Entries taken from a collection
::::
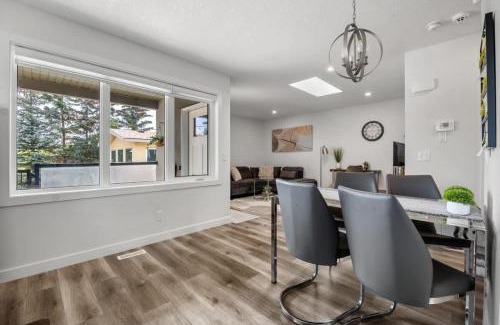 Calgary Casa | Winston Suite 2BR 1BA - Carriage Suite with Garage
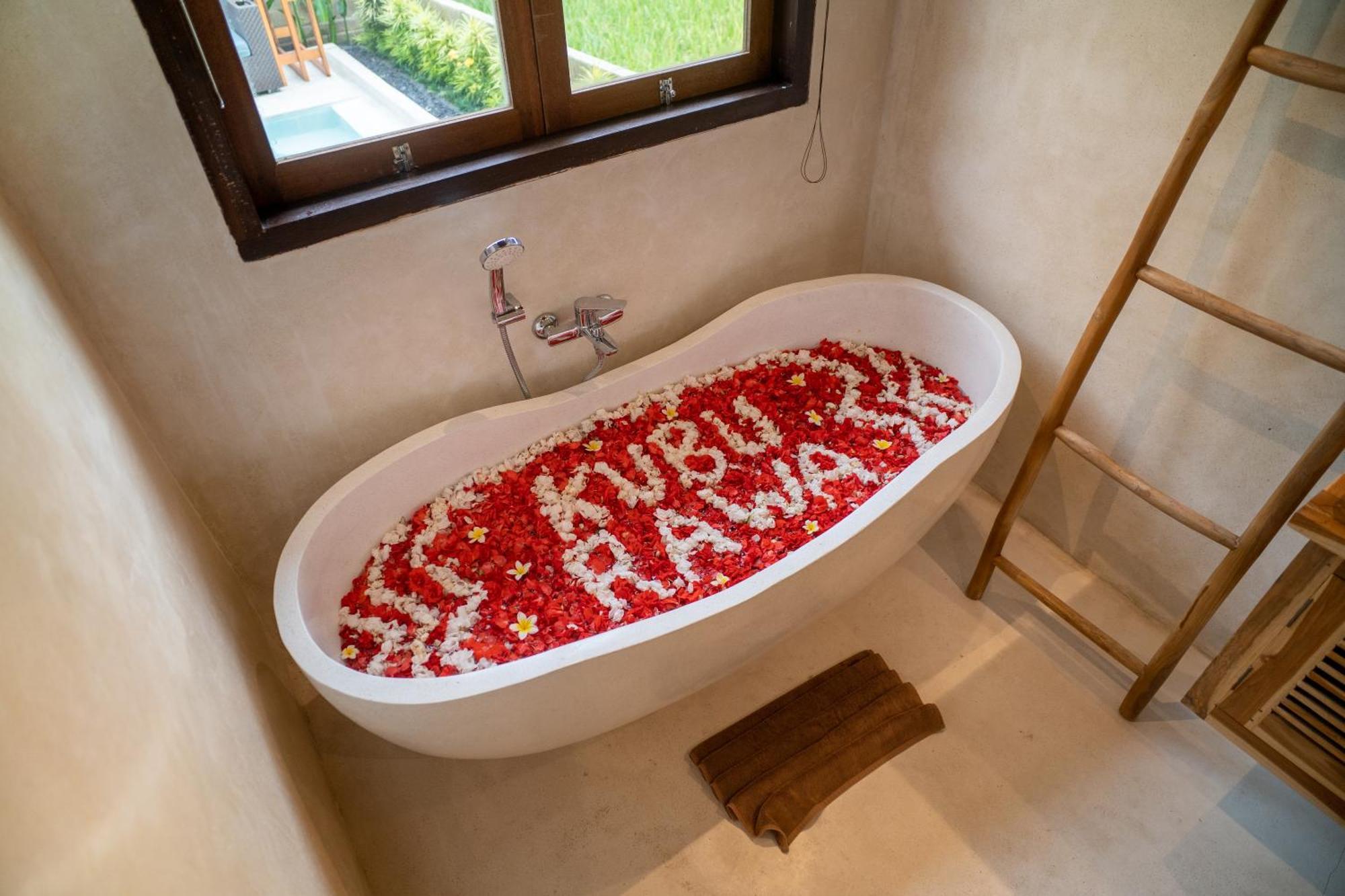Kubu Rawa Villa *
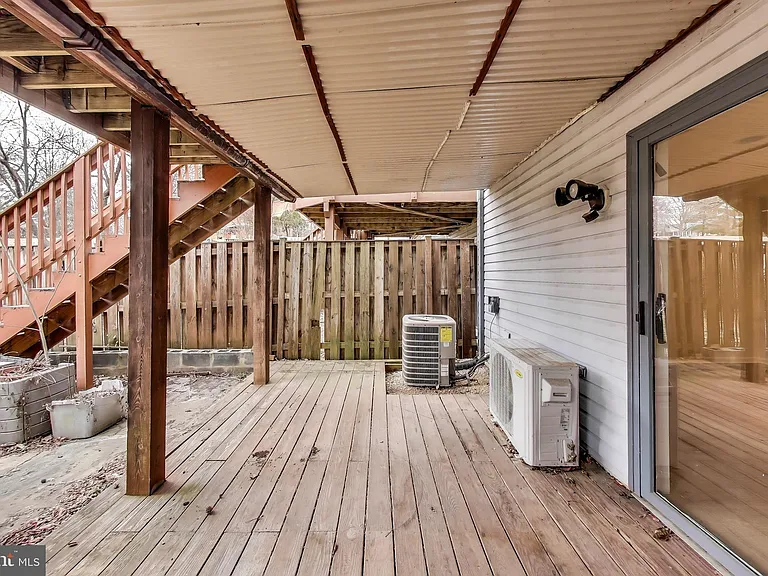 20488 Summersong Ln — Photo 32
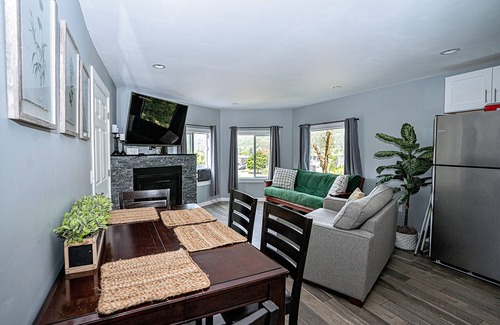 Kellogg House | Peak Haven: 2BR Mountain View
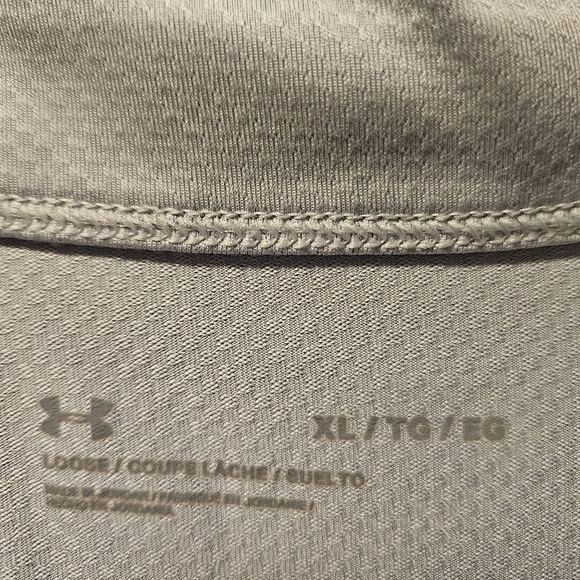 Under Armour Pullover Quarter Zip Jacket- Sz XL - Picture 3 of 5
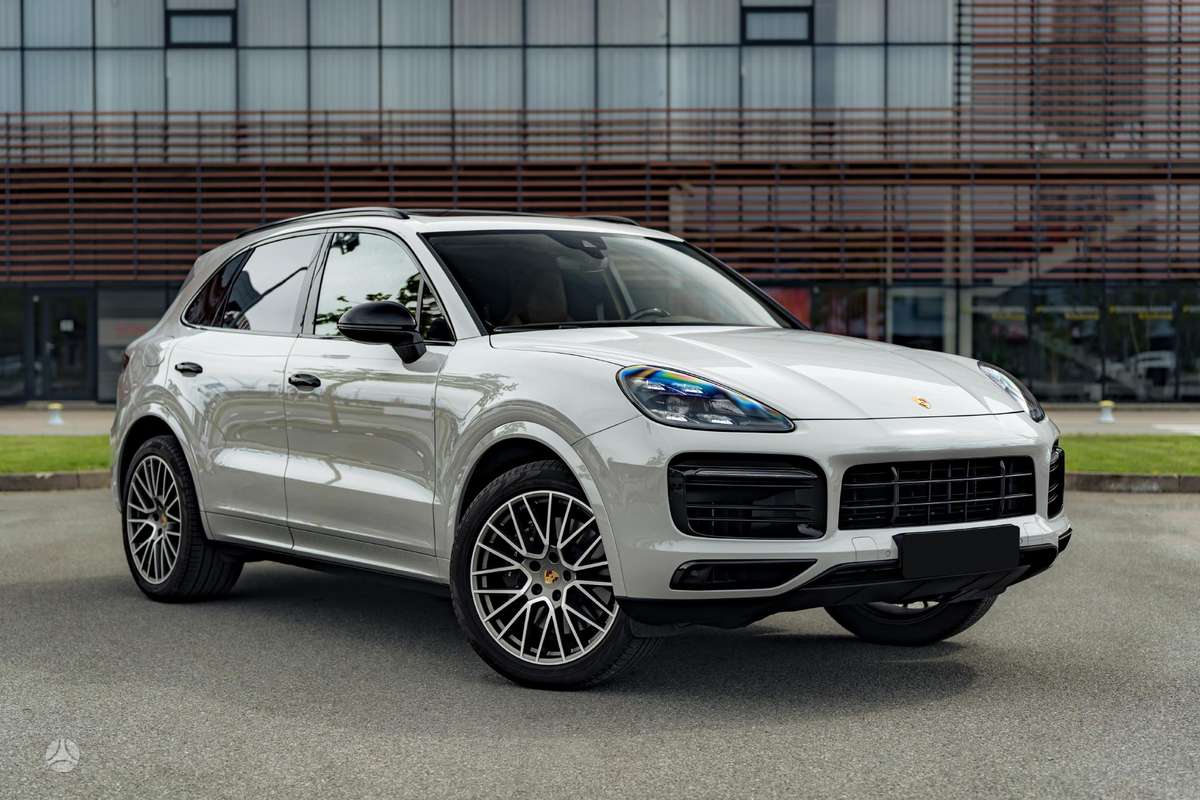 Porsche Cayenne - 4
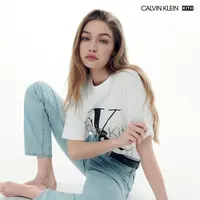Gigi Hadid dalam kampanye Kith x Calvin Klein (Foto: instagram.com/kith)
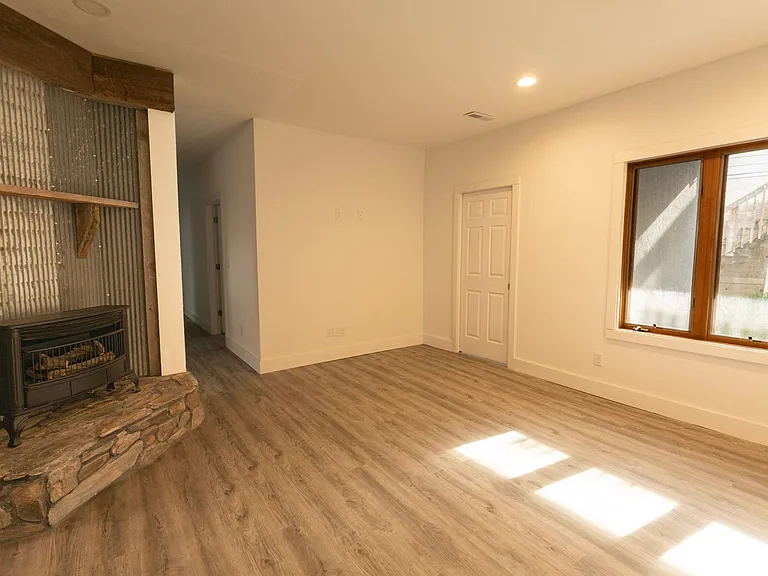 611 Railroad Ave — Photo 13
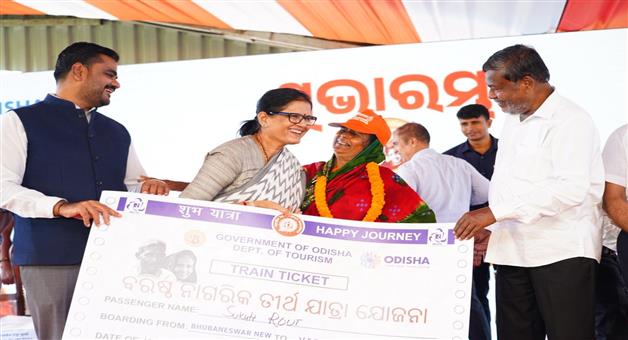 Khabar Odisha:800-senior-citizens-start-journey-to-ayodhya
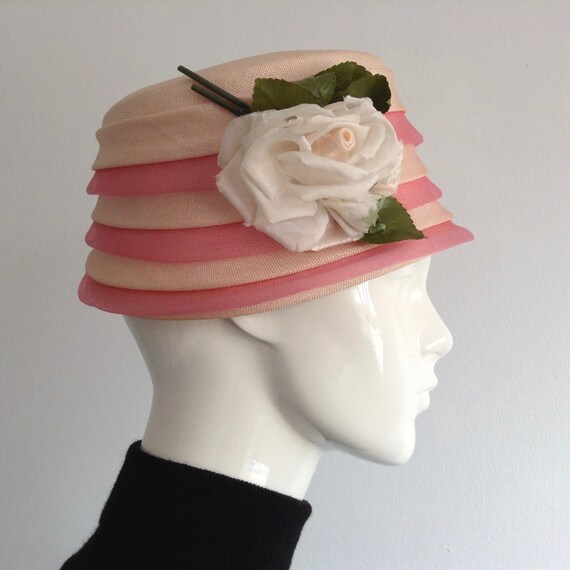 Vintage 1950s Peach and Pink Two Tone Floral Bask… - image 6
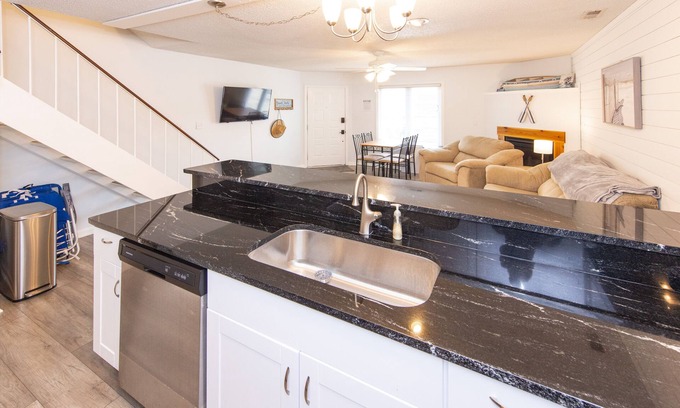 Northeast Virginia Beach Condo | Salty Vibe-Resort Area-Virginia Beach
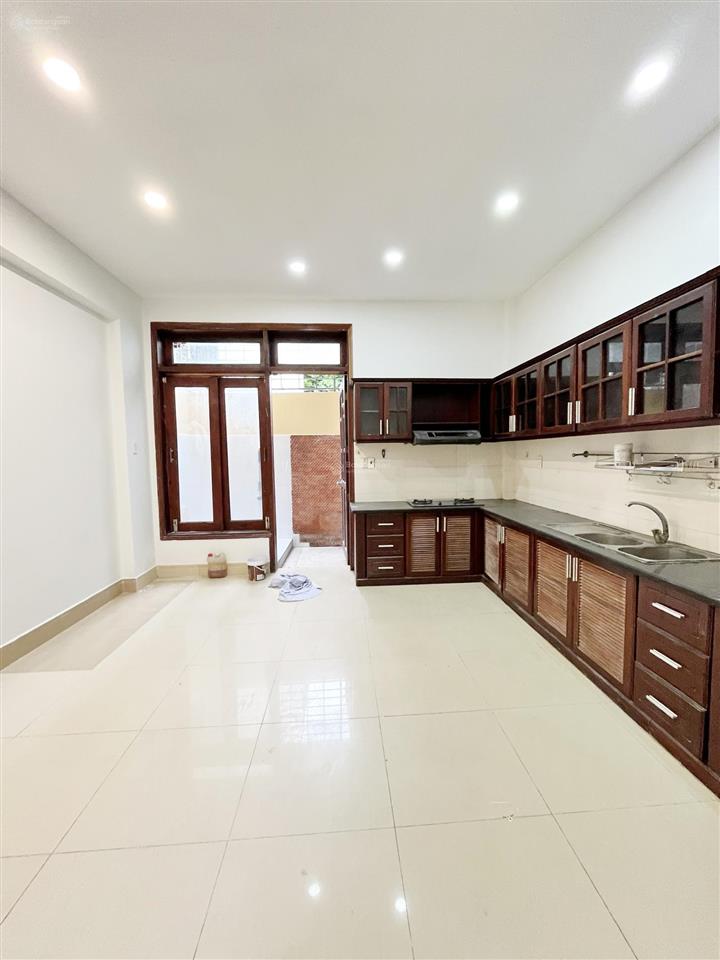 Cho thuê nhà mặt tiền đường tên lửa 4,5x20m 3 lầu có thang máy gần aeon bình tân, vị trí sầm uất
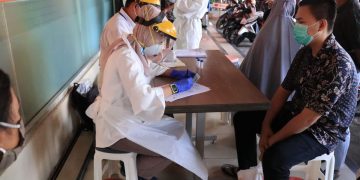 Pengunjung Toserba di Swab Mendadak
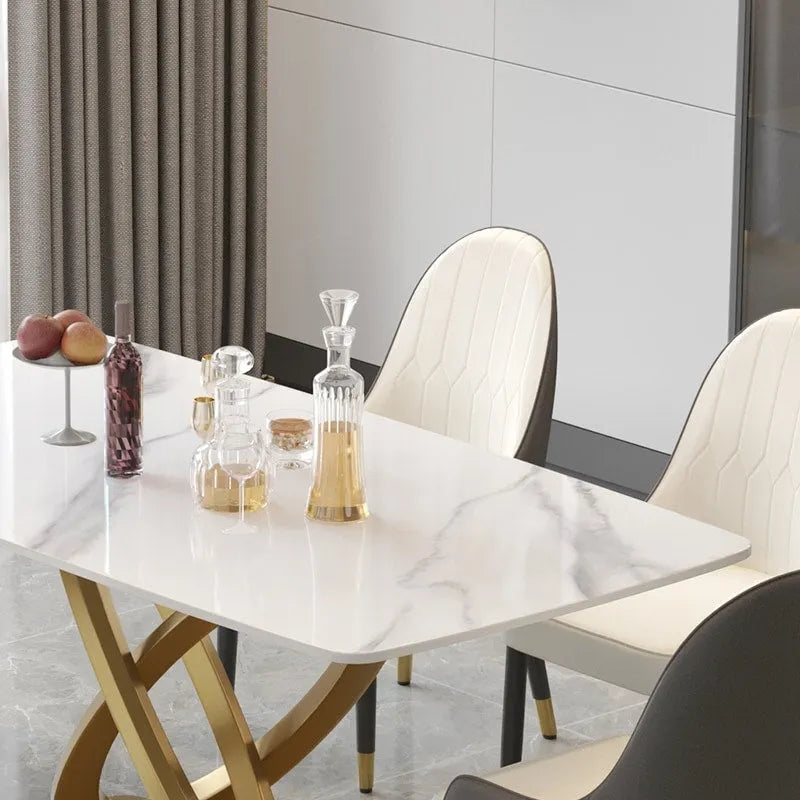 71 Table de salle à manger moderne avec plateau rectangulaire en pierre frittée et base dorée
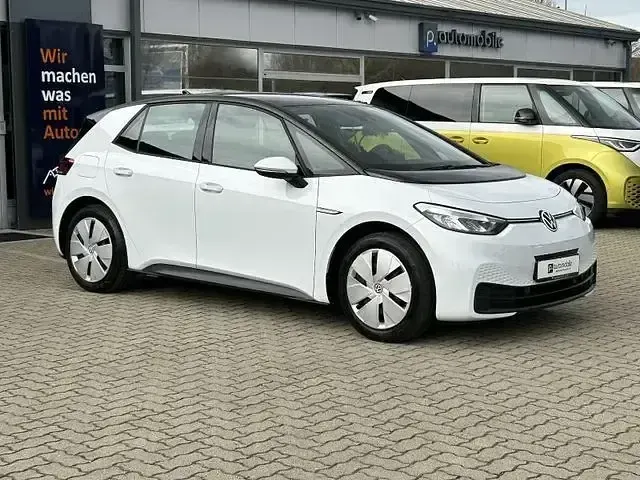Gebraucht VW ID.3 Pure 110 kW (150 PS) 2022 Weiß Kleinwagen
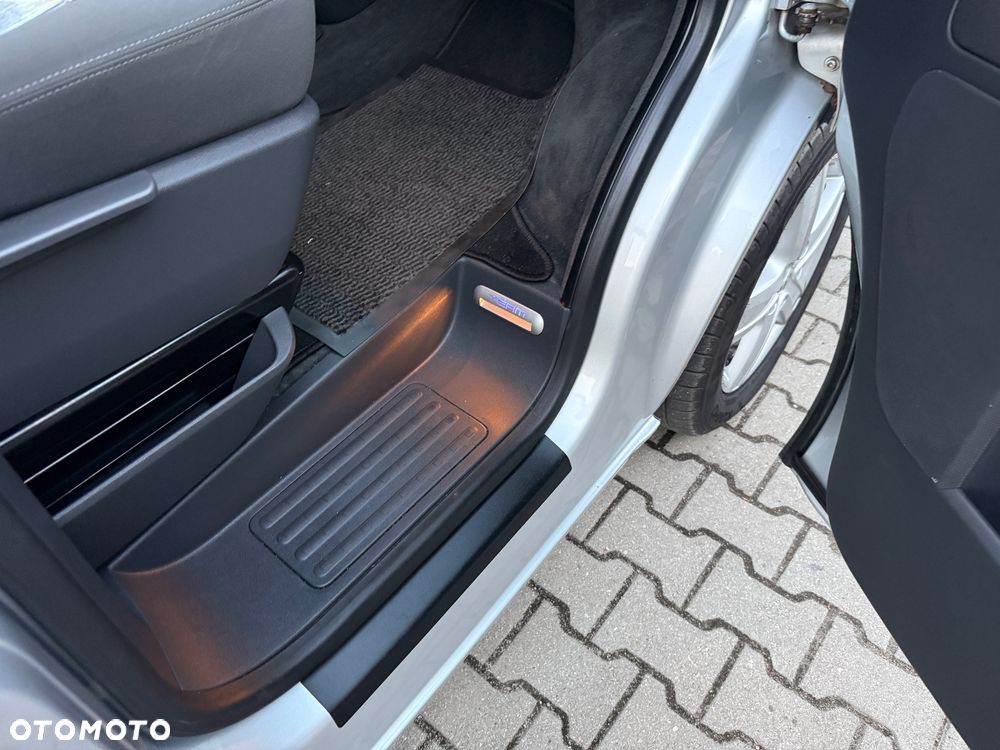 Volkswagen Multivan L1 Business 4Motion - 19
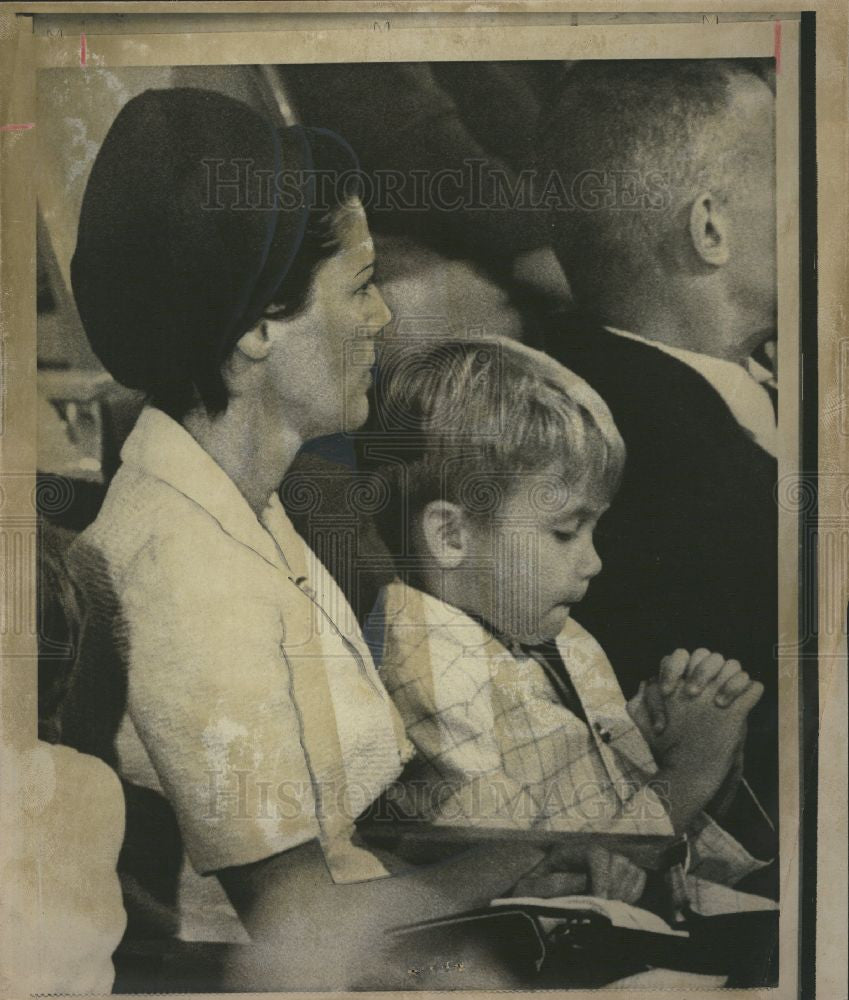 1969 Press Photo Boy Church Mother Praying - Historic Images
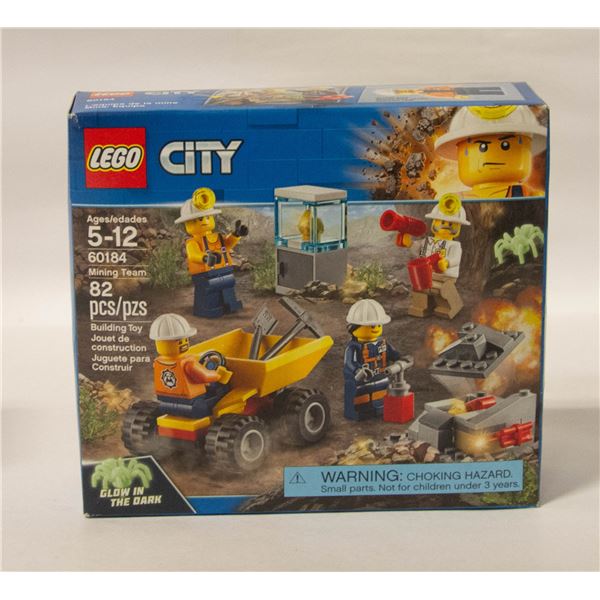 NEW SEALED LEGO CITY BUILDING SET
::::
→ THE PROBLEM:
Repeat exactly the lines from the first line of the records above through the line containing "Khabar Odisha:800-senior-citizens-start-journey-to-ayodhya", both included. Leave out the pictures.

→ FINISHED EXERCISE:
 Calgary Casa | Winston Suite 2BR 1BA - Carriage Suite with Garage
Kubu Rawa Villa *
 20488 Summersong Ln — Photo 32
 Kellogg House | Peak Haven: 2BR Mountain View
 Under Armour Pullover Quarter Zip Jacket- Sz XL - Picture 3 of 5
 Porsche Cayenne - 4
Gigi Hadid dalam kampanye Kith x Calvin Klein (Foto: instagram.com/kith)
 611 Railroad Ave — Photo 13
 Khabar Odisha:800-senior-citizens-start-journey-to-ayodhya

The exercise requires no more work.